Records contained in a dataset —
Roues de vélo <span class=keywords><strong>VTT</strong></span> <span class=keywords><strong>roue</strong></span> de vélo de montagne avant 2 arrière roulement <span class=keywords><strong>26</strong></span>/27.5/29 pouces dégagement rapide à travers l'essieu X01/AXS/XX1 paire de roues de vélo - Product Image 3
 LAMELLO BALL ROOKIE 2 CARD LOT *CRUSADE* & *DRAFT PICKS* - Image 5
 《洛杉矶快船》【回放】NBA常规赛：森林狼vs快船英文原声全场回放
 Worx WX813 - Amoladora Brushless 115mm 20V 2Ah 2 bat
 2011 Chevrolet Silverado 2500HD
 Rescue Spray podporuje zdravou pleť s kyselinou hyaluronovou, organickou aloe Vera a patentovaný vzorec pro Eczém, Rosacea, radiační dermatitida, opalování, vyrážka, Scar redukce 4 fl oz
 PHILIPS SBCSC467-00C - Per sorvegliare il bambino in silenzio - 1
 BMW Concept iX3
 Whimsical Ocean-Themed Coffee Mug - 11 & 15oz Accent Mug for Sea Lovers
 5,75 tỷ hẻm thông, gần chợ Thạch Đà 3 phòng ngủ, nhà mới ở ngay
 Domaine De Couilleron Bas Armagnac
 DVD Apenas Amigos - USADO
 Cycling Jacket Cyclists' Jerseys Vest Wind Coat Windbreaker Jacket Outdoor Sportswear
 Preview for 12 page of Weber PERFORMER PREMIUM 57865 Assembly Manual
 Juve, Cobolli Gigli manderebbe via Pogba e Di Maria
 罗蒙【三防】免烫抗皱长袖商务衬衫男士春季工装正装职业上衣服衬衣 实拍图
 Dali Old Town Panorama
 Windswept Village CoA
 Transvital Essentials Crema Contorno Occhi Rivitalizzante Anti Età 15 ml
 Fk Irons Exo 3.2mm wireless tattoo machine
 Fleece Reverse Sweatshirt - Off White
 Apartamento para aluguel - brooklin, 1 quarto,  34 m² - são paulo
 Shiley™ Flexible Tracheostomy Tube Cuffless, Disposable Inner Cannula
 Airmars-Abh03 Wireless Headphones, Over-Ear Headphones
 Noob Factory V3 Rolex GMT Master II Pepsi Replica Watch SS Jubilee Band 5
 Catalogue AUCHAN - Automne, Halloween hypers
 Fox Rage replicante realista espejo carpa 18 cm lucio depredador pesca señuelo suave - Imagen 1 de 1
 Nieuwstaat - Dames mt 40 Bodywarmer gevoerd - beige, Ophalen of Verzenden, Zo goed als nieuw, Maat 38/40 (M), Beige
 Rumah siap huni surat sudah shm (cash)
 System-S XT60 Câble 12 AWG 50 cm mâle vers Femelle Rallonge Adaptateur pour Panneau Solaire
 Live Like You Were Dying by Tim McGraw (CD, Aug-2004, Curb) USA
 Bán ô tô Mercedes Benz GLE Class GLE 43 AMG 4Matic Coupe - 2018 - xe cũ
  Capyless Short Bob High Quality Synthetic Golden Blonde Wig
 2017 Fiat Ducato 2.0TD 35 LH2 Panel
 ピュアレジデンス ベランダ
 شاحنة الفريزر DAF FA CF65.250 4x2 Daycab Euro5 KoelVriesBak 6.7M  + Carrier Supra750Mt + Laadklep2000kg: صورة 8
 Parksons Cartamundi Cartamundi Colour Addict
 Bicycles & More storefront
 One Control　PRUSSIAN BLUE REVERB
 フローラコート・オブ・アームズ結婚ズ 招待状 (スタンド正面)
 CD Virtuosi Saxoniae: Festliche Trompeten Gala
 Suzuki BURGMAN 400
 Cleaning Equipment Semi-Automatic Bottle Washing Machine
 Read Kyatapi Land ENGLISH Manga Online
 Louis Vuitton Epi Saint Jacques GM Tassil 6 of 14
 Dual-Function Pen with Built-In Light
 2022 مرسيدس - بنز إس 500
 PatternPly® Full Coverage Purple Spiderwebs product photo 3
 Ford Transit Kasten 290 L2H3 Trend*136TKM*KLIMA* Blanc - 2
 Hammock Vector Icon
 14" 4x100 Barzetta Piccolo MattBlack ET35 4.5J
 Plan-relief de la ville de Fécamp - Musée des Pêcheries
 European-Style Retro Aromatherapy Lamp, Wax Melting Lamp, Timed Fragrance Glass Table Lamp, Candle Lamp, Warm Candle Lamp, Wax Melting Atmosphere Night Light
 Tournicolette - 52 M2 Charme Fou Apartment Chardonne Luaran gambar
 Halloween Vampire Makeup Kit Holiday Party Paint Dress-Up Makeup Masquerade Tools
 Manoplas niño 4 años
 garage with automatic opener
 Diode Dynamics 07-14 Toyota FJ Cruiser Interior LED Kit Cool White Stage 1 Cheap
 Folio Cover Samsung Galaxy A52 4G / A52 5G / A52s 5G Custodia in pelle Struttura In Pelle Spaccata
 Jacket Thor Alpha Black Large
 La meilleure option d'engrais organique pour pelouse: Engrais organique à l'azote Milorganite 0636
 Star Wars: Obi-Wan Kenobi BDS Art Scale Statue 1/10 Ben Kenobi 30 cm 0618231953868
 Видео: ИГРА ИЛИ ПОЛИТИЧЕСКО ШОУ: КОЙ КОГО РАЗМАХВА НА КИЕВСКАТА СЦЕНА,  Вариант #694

Prompt — From the records above, extract exactly and only the lines that begin at the line with "Capyless Short Bob" and stop after the line with "Cleaning Equipment Semi-Automatic".

Finished exercise —
  Capyless Short Bob High Quality Synthetic Golden Blonde Wig
 2017 Fiat Ducato 2.0TD 35 LH2 Panel
 ピュアレジデンス ベランダ
 شاحنة الفريزر DAF FA CF65.250 4x2 Daycab Euro5 KoelVriesBak 6.7M  + Carrier Supra750Mt + Laadklep2000kg: صورة 8
 Parksons Cartamundi Cartamundi Colour Addict
 Bicycles & More storefront
 One Control　PRUSSIAN BLUE REVERB
 フローラコート・オブ・アームズ結婚ズ 招待状 (スタンド正面)
 CD Virtuosi Saxoniae: Festliche Trompeten Gala
 Suzuki BURGMAN 400
 Cleaning Equipment Semi-Automatic Bottle Washing Machine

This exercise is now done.